The problem ::
Only the lines below from the one with "Used 2010 Hyundai Accent GLS FWD image 23" through the one with "Помощник по хозяйству Владимир" are to be written out, exactly and without any images.

Supplied information ::
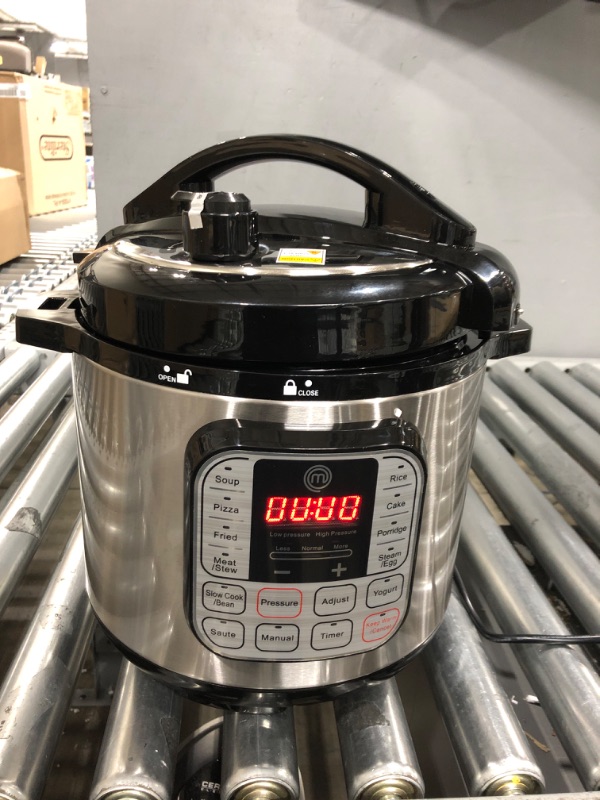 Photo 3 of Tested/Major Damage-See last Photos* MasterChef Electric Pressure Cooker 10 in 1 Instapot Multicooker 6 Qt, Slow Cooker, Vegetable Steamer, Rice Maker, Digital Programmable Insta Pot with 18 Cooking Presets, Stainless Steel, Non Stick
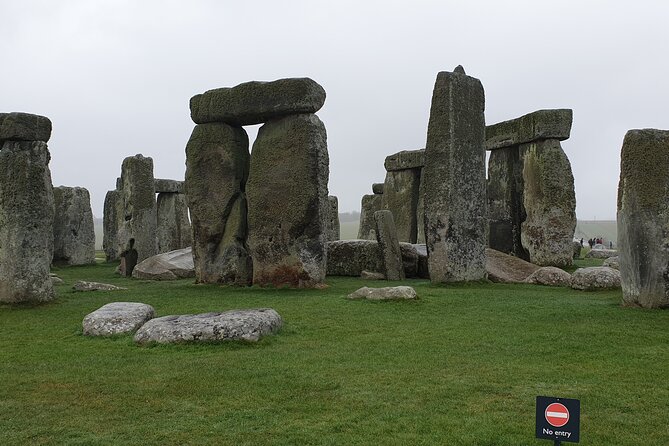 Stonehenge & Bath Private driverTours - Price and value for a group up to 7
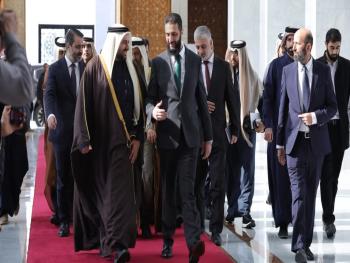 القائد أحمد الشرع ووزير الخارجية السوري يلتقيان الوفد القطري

---

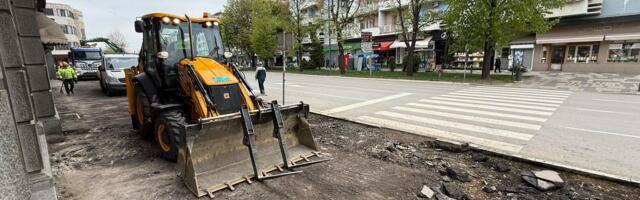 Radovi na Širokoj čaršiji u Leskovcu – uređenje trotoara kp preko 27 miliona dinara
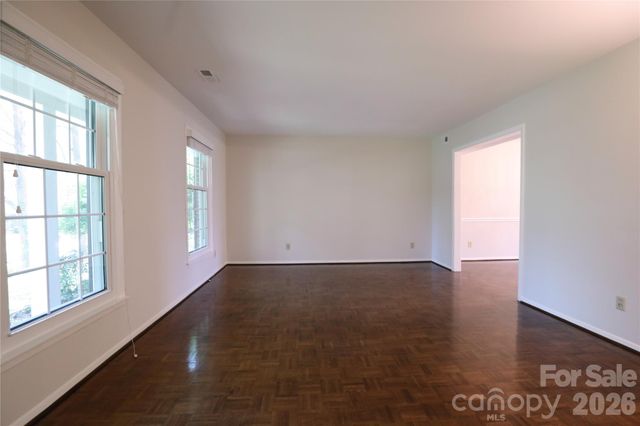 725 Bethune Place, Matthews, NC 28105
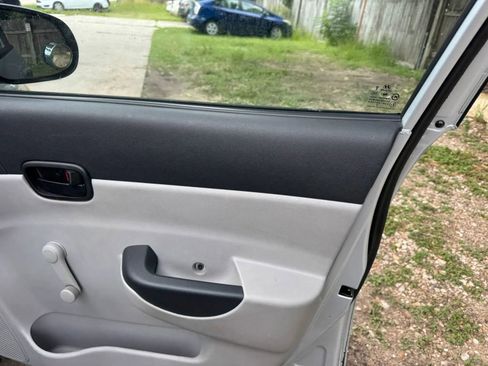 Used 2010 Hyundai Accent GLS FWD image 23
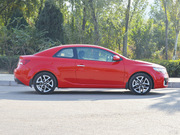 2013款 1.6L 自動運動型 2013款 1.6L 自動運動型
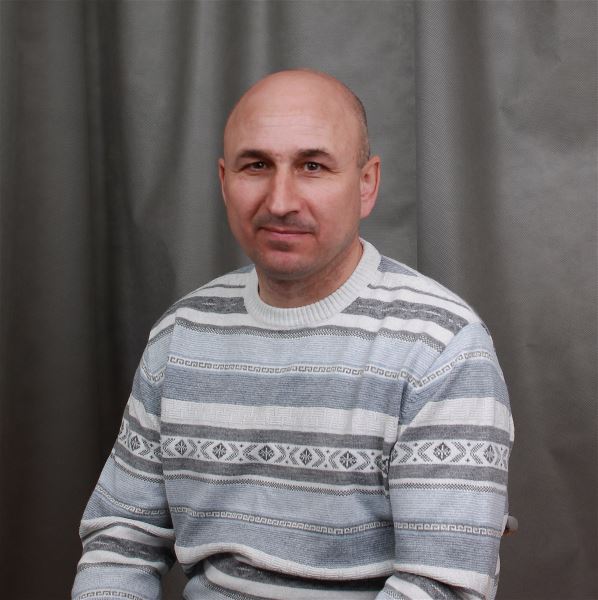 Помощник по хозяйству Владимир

Expected output ::
 Used 2010 Hyundai Accent GLS FWD image 23
 2013款 1.6L 自動運動型 2013款 1.6L 自動運動型
 Помощник по хозяйству Владимир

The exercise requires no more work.